# Your task
Each line from the one containing "A smiling man" through the last line of the material below is to be transcribed exactly, with nothing else included.

# Records
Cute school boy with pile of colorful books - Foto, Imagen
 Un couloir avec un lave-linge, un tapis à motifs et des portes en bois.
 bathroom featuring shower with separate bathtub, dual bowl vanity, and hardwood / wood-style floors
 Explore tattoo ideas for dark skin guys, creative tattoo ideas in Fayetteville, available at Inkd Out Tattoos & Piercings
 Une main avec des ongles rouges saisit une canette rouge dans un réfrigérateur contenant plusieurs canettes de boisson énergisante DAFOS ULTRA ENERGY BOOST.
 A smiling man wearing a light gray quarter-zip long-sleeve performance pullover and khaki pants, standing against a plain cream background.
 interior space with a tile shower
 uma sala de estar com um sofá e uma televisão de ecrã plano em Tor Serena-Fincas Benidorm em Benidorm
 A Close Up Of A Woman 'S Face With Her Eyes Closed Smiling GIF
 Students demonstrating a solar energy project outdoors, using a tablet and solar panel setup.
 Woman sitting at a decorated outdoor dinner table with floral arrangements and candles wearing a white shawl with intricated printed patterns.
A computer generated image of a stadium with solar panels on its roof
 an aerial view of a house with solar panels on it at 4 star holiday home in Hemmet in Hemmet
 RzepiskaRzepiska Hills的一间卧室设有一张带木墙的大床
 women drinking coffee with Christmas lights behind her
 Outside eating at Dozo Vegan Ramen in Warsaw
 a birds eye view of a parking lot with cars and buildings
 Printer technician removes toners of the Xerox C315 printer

# Finished task
 A smiling man wearing a light gray quarter-zip long-sleeve performance pullover and khaki pants, standing against a plain cream background.
 interior space with a tile shower
 uma sala de estar com um sofá e uma televisão de ecrã plano em Tor Serena-Fincas Benidorm em Benidorm
 A Close Up Of A Woman 'S Face With Her Eyes Closed Smiling GIF
 Students demonstrating a solar energy project outdoors, using a tablet and solar panel setup.
 Woman sitting at a decorated outdoor dinner table with floral arrangements and candles wearing a white shawl with intricated printed patterns.
A computer generated image of a stadium with solar panels on its roof
 an aerial view of a house with solar panels on it at 4 star holiday home in Hemmet in Hemmet
 RzepiskaRzepiska Hills的一间卧室设有一张带木墙的大床
 women drinking coffee with Christmas lights behind her
 Outside eating at Dozo Vegan Ramen in Warsaw
 a birds eye view of a parking lot with cars and buildings
 Printer technician removes toners of the Xerox C315 printer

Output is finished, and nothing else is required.